Only the lines from the one containing "Image of The Rise of AI-Powered Companies" through the end of the data are wanted, reproduced exactly and without pictures.

Image-caption web data
━━━━━━━━━━

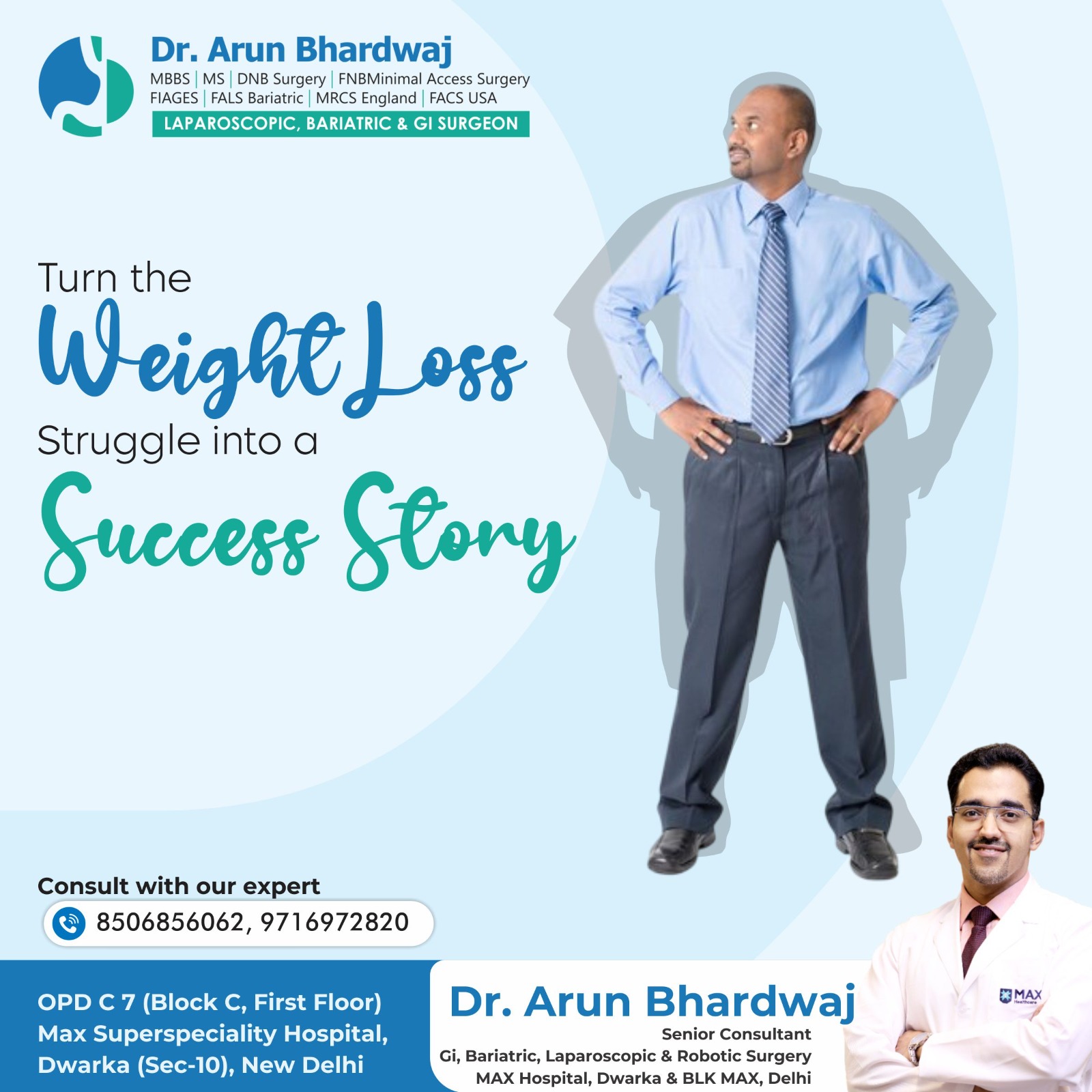 Patient Educational Videos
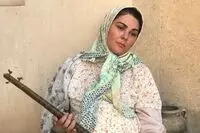 ترانه شهرام ناظری برای سیمین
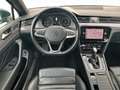 Volkswagen Passat Variant Passat Var. 2.0 TDI DSG Eleg. HuD LEDER IQ. AHK Bleu - thumbnail 6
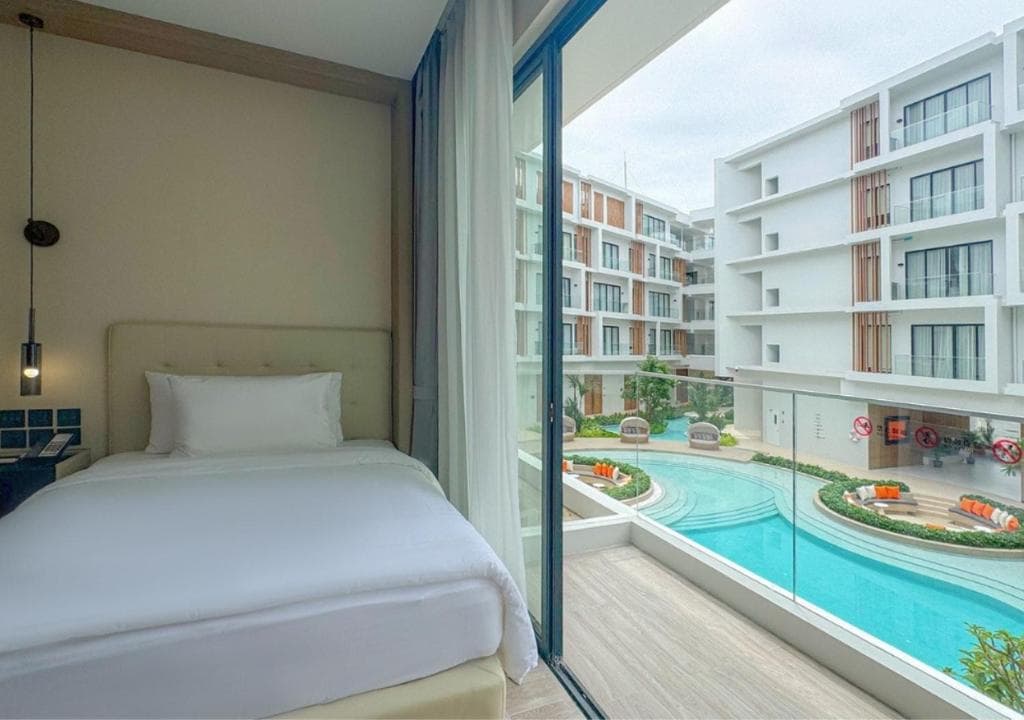 Laya Resort Phuket Island - 10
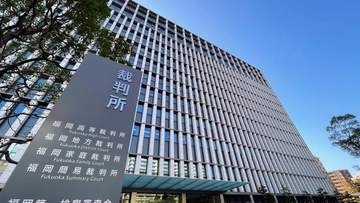 幼稚園児に“わいせつ行為”元園職員の男逮捕・起訴　初公判で起訴内容認める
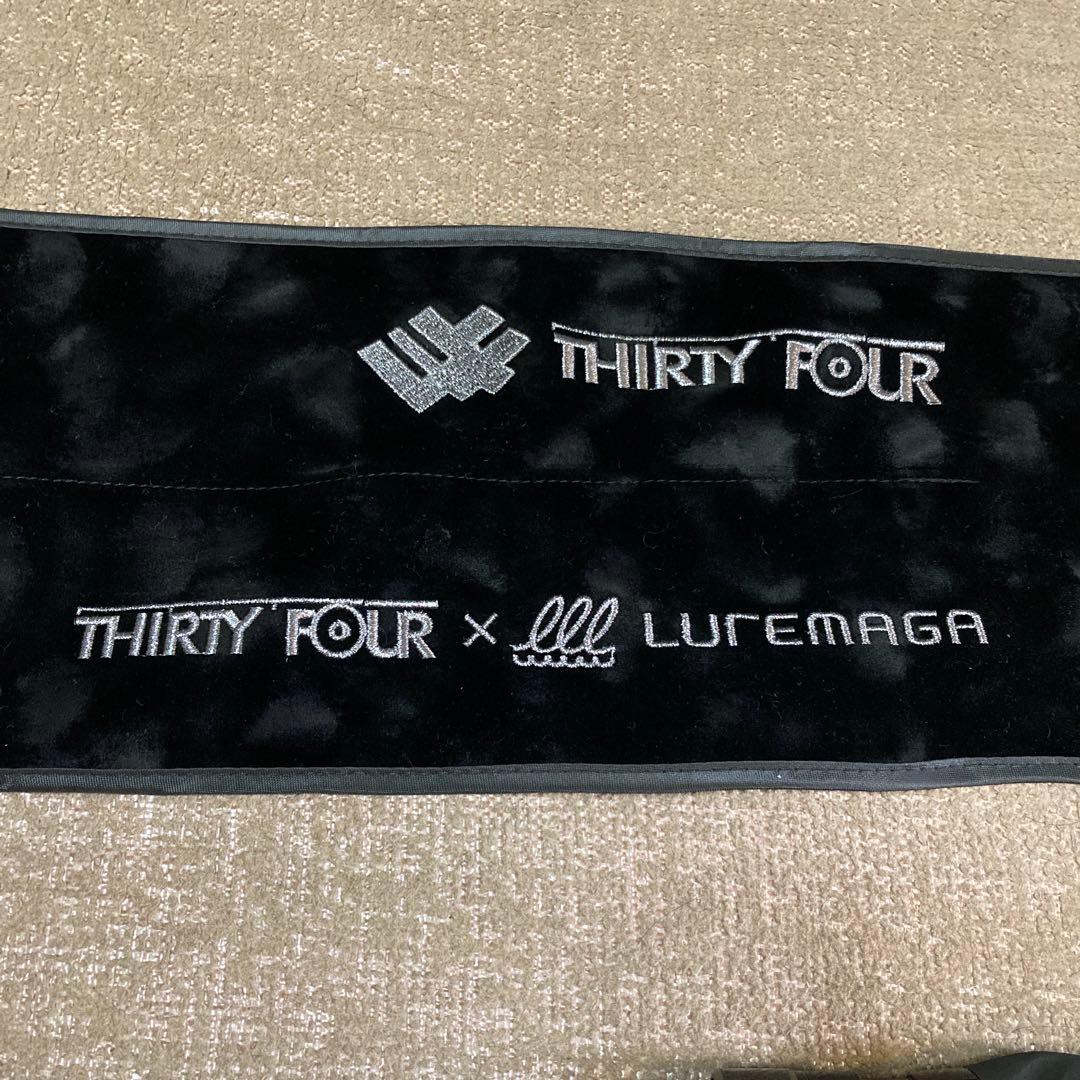 サーティーフォー　限定アジングロッド　HSR-65アドバンスメント65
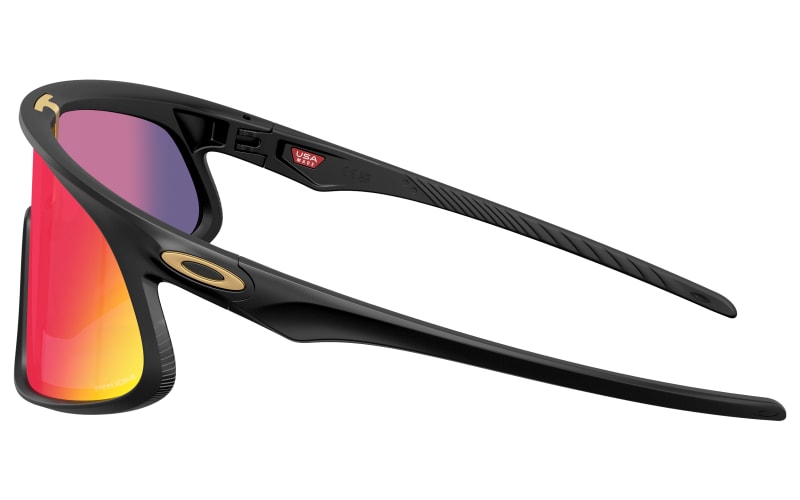 Oakley RSLV OO9484D Prizm Road Mirror Sunglasses | Bass Pro Shops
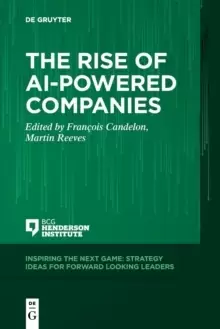 Image of The Rise of AI-Powered Companies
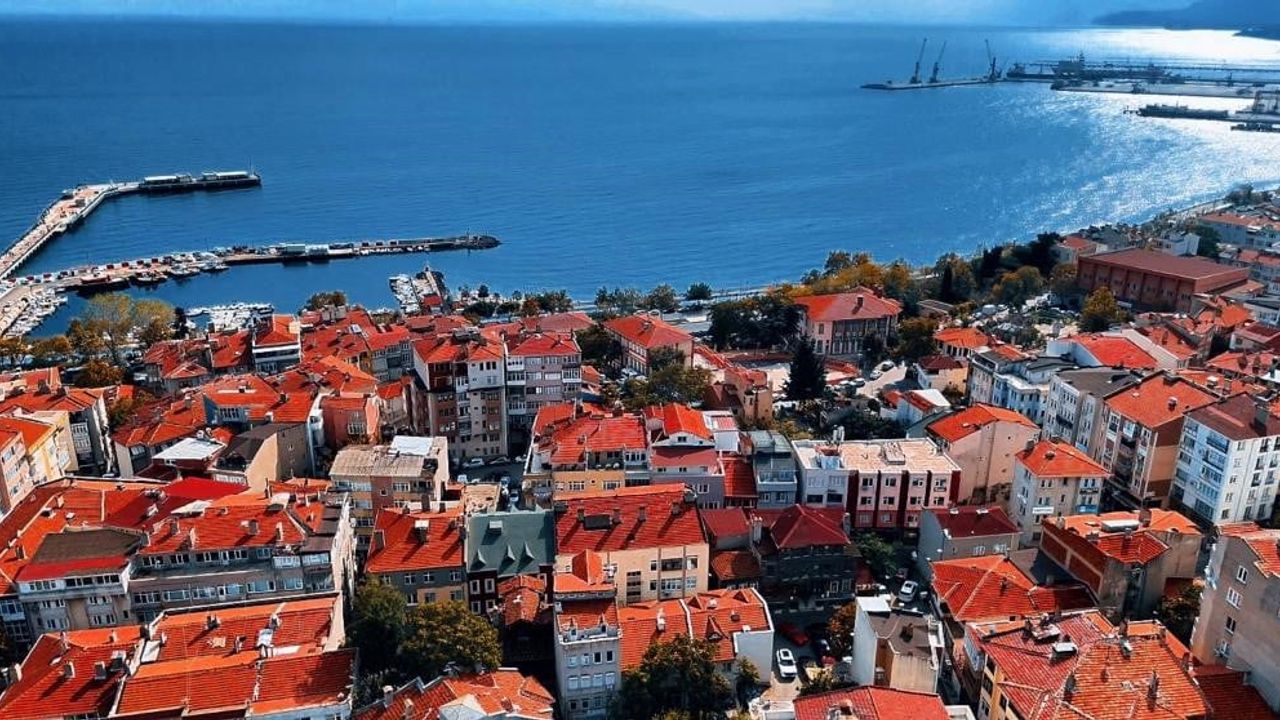 Tekirdağ'da Aralık 2025'te 6.534 Konut Satışı: İpotekli ve İkinci El Dağılımı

━━━━━━━━━━

# Exercise result
 Image of The Rise of AI-Powered Companies
 Tekirdağ'da Aralık 2025'te 6.534 Konut Satışı: İpotekli ve İkinci El Dağılımı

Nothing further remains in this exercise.